In fact, even those proclaiming themselves as having high intelligence do not rely on some material advantage, but attribute it to a difference of a transcendent kind.26 Moreover, if the advantage of one person over another in intelligence would have been indeed material, and therefore, clearly visible, the superior brain’s authority over the inferior’s one would have been natural and similar to the authority of humans over the animals they own. If that were the case, superiority would have been self-evident, just like an advantage in physical strength. There would have been no need for laws, institutions, and endless explanations to the alleged natural fact regarding the inevitable hierarchic difference in intelligence. If that were true, the superior intelligence would simply never encounter any substantial opposition.27

Even so, the difference between the identical twins still demands some explanation. It could be said that one had higher intelligence than the other, but that demonstrates nothing except that one twin had worked faster or harder than the other and thus got better results. As mentioned, intelligence is just a name, and defining the difference in performance between the twins as a difference in intelligence does not add any new information; indeed, the difference in intelligence, while disguising itself as the cause of the difference between the two in terms of performance, frees us from the need to look after the real reason for the difference in question. Another possible assumption could be that the two intelligences were not exercised equally, and this hypothesis also cannot be proven:

I will not say that one’s faculties are inferior to the other’s. I will only suppose that the two faculties haven’t been equally exercised. Nothing proves this to me with certainty. But nothing proves the opposite. It is enough for me to know that this lack of exercise is possible, and that many experiments attest to it. I will thus displace the tautology very slightly. I will not say that he has done less because he is less intelligent. I will say that he has perhaps produced a poorer work because he has worked more poorly. That he has not seen well because he hasn’t looked well. I will say that he has brought less attention to his work.28

Attention is exactly what can be used in order to examine the outcomes of intelligence. Attention in itself is not material, but its effects are, and they can be measured and quantified. It can be assumed that the two brothers have equal intelligence, but that the amount of attention they give when using it is not equal. Babies and small children exercise a great deal of attention trying to understand and join the grown-up world. Their need is urgent, and it motivates them to galvanize their intelligence with full attention.
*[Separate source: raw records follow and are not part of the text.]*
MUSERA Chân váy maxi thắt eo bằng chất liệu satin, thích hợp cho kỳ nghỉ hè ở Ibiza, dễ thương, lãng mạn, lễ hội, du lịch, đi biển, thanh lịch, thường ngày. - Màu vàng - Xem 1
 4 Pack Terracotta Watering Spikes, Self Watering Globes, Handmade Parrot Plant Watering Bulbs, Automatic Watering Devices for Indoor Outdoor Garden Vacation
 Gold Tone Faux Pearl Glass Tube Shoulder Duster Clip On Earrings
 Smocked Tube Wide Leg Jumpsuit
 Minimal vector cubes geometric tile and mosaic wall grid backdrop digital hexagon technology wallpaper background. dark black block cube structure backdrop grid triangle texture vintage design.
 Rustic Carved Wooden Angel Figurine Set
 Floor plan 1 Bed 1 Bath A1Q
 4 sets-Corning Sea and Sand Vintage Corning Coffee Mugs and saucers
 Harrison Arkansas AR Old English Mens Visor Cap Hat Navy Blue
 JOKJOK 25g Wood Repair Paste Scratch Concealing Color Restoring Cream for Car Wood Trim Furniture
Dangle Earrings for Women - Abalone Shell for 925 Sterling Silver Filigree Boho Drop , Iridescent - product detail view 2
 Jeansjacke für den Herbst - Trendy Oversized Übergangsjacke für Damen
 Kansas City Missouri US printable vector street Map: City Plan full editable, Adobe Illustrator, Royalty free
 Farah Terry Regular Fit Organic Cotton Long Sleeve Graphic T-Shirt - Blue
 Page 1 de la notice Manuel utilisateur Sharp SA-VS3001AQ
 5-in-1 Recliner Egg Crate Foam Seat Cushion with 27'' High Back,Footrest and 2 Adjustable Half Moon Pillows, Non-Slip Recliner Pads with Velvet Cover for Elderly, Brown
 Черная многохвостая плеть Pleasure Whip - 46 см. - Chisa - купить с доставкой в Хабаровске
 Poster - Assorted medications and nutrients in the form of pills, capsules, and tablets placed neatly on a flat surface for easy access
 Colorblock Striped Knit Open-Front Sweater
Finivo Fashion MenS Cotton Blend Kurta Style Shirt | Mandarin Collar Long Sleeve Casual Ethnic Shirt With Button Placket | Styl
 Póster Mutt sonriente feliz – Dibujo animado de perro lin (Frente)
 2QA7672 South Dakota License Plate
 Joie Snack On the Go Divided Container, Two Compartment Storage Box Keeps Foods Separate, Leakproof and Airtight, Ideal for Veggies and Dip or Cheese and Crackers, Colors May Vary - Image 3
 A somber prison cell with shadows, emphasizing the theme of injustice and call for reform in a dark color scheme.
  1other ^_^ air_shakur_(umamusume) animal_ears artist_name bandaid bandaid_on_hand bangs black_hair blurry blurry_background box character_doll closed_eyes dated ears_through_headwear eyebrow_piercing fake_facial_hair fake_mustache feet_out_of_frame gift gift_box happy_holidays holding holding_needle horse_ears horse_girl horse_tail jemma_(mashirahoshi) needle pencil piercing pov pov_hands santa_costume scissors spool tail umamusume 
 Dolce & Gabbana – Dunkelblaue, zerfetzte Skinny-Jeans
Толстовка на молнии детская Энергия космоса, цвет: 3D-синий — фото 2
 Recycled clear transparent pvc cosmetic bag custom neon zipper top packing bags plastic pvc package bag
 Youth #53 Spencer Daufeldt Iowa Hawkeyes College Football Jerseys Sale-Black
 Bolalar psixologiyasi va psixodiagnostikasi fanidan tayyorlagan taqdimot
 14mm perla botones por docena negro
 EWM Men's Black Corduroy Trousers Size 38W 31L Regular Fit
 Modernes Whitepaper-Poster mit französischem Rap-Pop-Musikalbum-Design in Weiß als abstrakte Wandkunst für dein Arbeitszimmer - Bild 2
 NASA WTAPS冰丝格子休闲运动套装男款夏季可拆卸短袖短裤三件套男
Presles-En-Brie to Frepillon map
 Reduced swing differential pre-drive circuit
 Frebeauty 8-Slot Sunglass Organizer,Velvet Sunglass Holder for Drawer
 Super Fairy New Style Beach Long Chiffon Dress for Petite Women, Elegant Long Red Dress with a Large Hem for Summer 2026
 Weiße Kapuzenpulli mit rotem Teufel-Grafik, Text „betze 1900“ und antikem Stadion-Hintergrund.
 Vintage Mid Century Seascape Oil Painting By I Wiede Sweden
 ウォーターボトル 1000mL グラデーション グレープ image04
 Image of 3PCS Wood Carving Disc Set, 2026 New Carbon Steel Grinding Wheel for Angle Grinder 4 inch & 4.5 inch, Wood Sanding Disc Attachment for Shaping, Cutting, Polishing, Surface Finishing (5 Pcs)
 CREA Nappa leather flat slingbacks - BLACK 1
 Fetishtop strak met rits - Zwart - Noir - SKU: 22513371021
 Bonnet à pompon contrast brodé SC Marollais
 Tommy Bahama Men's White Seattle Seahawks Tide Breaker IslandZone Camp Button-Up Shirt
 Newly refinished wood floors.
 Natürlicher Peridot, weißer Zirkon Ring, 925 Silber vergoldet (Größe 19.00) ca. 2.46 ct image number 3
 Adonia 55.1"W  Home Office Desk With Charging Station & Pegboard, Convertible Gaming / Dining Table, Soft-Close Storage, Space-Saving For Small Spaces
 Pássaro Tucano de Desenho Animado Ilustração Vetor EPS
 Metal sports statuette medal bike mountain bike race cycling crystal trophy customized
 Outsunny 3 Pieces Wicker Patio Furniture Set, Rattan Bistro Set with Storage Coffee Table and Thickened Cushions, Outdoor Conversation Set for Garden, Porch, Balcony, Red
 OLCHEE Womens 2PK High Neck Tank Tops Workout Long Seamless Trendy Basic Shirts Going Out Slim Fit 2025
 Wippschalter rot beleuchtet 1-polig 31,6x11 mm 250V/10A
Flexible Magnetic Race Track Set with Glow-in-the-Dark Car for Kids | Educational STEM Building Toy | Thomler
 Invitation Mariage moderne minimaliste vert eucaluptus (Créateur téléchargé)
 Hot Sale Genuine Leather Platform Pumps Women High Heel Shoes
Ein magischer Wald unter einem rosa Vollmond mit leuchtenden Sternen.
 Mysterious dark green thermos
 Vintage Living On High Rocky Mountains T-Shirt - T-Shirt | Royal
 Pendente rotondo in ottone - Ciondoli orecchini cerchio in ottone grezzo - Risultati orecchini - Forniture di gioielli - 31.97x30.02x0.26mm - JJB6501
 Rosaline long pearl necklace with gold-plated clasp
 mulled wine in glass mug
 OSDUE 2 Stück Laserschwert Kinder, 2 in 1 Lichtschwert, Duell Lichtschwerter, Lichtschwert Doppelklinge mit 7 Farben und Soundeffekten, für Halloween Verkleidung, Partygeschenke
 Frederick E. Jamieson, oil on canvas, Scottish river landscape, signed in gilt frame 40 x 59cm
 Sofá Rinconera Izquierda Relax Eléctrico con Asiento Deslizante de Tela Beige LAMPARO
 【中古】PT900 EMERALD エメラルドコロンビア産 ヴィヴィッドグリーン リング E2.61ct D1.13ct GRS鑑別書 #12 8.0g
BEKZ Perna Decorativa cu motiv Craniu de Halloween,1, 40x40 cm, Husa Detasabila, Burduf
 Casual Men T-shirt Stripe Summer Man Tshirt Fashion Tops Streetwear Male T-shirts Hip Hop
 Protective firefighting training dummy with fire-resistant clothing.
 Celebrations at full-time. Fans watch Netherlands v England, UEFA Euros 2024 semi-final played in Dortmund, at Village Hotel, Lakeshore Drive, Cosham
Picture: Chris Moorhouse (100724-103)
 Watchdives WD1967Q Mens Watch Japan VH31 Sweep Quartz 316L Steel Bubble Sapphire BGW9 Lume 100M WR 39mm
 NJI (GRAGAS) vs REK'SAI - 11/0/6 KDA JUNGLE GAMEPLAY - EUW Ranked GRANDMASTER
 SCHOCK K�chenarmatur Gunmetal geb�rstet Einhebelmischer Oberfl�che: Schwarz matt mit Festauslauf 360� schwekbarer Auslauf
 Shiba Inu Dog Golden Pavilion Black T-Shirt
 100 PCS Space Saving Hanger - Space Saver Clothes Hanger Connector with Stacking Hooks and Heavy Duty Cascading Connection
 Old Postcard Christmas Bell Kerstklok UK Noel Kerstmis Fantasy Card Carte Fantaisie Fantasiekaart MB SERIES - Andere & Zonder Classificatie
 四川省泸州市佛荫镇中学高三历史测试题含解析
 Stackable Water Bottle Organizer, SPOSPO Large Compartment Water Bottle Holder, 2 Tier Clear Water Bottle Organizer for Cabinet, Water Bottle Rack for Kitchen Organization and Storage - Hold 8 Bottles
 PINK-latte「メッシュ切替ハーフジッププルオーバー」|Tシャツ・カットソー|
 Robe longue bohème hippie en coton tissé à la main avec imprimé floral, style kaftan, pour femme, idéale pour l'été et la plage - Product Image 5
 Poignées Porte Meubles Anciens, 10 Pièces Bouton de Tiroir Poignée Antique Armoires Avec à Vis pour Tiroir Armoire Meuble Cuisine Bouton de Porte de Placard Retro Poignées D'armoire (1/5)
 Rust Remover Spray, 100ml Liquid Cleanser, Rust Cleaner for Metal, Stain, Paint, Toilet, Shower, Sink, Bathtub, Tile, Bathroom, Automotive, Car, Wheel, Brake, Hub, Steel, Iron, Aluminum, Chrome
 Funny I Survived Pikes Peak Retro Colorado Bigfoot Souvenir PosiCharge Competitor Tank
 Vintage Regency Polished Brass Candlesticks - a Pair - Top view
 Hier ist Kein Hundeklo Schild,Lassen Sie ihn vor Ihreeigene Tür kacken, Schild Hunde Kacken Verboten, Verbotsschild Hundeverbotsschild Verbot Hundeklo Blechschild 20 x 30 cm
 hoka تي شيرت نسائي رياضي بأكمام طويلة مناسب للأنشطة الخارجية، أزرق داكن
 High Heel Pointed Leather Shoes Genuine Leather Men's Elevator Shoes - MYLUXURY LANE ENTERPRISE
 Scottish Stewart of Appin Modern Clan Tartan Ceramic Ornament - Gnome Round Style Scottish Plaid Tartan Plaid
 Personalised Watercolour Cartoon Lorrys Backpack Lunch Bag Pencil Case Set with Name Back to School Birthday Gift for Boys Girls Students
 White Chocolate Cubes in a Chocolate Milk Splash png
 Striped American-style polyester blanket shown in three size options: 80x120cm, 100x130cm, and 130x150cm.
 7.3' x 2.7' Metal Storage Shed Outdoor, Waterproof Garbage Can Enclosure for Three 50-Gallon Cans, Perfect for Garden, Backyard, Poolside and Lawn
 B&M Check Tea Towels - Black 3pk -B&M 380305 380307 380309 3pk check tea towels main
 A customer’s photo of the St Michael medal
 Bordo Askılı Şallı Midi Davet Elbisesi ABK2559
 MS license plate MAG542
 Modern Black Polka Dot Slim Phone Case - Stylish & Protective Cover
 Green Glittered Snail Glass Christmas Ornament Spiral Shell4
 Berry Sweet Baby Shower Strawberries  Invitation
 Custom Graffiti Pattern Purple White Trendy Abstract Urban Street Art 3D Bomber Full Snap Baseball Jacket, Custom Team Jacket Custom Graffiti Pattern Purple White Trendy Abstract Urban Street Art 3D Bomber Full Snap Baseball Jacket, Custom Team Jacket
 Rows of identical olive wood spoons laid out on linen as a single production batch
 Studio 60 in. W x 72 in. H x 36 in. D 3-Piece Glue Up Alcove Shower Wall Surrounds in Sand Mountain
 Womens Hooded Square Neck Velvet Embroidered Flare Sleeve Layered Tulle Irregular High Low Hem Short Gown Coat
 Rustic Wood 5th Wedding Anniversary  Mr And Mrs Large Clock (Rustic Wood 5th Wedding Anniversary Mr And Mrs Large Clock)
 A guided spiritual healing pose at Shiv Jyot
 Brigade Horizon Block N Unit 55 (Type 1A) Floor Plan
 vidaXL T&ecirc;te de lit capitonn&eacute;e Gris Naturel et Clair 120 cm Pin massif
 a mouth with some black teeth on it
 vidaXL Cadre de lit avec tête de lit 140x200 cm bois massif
It is only later that a difference between the needs of one child and another starts to develop, and accordingly, the amount of attention given changes. That is the main reason why the sensitive question about intelligence’s origin—whether it is natural-hereditary or environmental-cultural—is not very fruitful. Rancière argues that the effects of intelligence are settled by the need and the will, and when the needs become smaller then intelligence becomes “tired.” That is, the individual does not pay attention to things and stops inquiring into and comparing, unless new and wearing conditions are created for him (by a change in his needs or by a teacher) and he is forced to continue to use his intelligence.


25. Jacques Rancière, The Ignorant Schoolmaster, 51.

26. It is important not to confuse this specific transcendent advantage with “spirit” at all. Those with high intelligence may recognize the existence of the soul or the existence of some values of a spiritual nature that cannot be measured. They can even say insofar as these values are concerned, all people are equal, and the ignorant can even set a model for the educated.

27. Jacques Rancière, The Ignorant Schoolmaster, 46-48.

28. Jacques Rancière, The Ignorant Schoolmaster, 50.